Eine vielschichtige Gruppe von Insektenarten, die weit mehr als nur die Gemeine Wespe und die zu Unrecht gefürchtete Hornisse aufzuweisen hat. Fachsprache und Alltagssprache klaffen weit auseinander: Spricht der Laie von Wespen, so meint er meist nur einen kleinen Ausschnitt aus dem gesamten Artenspektrum, nämlich die Unterfamilie der Echten Wespen, die – mit zehn weiteren Unterfamilien – zur Familie der Faltenwespen (Vespidae) gehört. Diese Familie wird zur Unterordnung der Taillenwespen (Apocrita) gezählt, deren Hinterleib durch die sprichwörtliche Wespentaille von der Brust abgesetzt ist. Im Folgenden sollen uns nur die Faltenwespen und die Familie der Grabwespen (Sphecidae) interessieren. Beide sind im Garten oder in der freien Natur gut zu beobachten – und wer nicht hektisch um sich schlägt und keinem Nest zu nahe kommt, hat von dem charakteristischen Giftstachel wenig zu befürchten.

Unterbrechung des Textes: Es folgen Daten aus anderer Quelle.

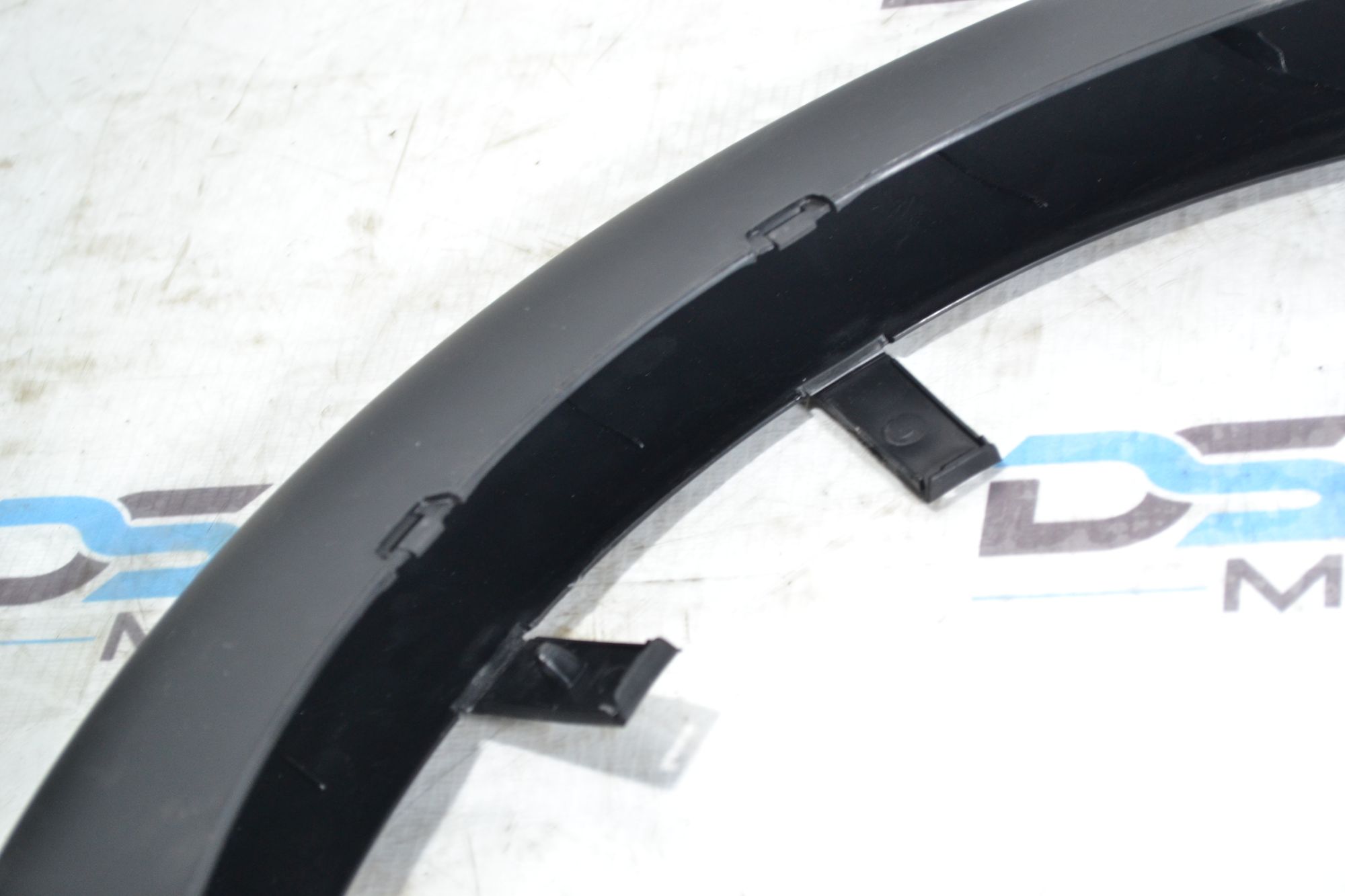 https://ycs.partsauto.market/partsauto-images/thmbs/userImages/b7628e092085f1f91467af1afb6e7630/part/113f60c4-aae7-4aeb-9d9c-43e8160854b1_1780572381462.jpg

Betreiben Wespen Brutpflege?
Nur wenige Arten. Von den weltweit etwa 3000 bekannten Faltenwespenarten leben die meisten solitär und legen für ihren Nachwuchs lediglich bei der Eiablage Vorräte an. In einigen tropischen Gattungen treten Mischformen mit teils bloßer Brutfürsorge, teils schon echter Brutpflege auf: Ist die Futtersituation gut, so wird die Brutkammer mit Vorräten bestückt und dann endgültig verschlossen. Herrscht bei der Eiablage hingegen Nahrungsmangel, so kehrt das Weibchen immer wieder mit neuen Futterraupen zu den Larven zurück.

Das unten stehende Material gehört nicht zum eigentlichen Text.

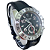 Tudor - Sport Aeronaut - Imagem 3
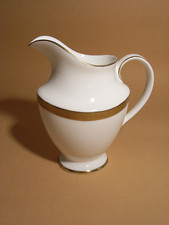 Royal doulton royal for sale  STOKE-ON-TRENT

Die Weibchen anderer Arten geben sich mehr Mühe: Sie füttern die Larven sogar mit vorher zerkauter Nahrung. Dieses Brutpflegeverhalten könnte die Vorstufe zur Staatenbildung gewesen sein. Denn die einfachsten Wespenstaaten dürften dadurch entstanden sein, dass die ersten fertigen Jungtiere das Nest nicht mehr sofort verließen, sondern der Mutter bei der Pflege des weiteren Nachwuchses halfen.
Gibt es auch bei den Wespen Königinnen und Arbeiterinnen?
Ja, ähnlich wie bei den Bienen herrscht bei den Wespen ebenfalls Arbeitsteilung. Wenngleich auch in Mitteleuropa mehr als 80 Prozent der Arten solitär leben, sind doch die Vertreter der Staaten bildenden Arten wesentlich bekannter; sie bilden die Unterfamilie der Sozialen Faltenwespen (Vespinae). Die Königin ist oft etwas größer als die Arbeiterinnen, hebt sich aber vor allem durch ihr dominantes Verhalten von ihnen ab. Auch die Männchen, die aus unbefruchteten Eiern entstehen, sind etwas größer als die Arbeiterinnen. Diese aus befruchteten Eiern schlüpfenden Tiere übernehmen je nach Alter und Größe verschiedene Aufgaben: anfangs meist die Fütterung der Larven, dann die Beschaffung von Baumaterial und Wasser, schließlich die Nestverteidigung. Die Arbeitsteilung ist jedoch nicht fest vorprogrammiert, sondern wird nach Bedarf geregelt.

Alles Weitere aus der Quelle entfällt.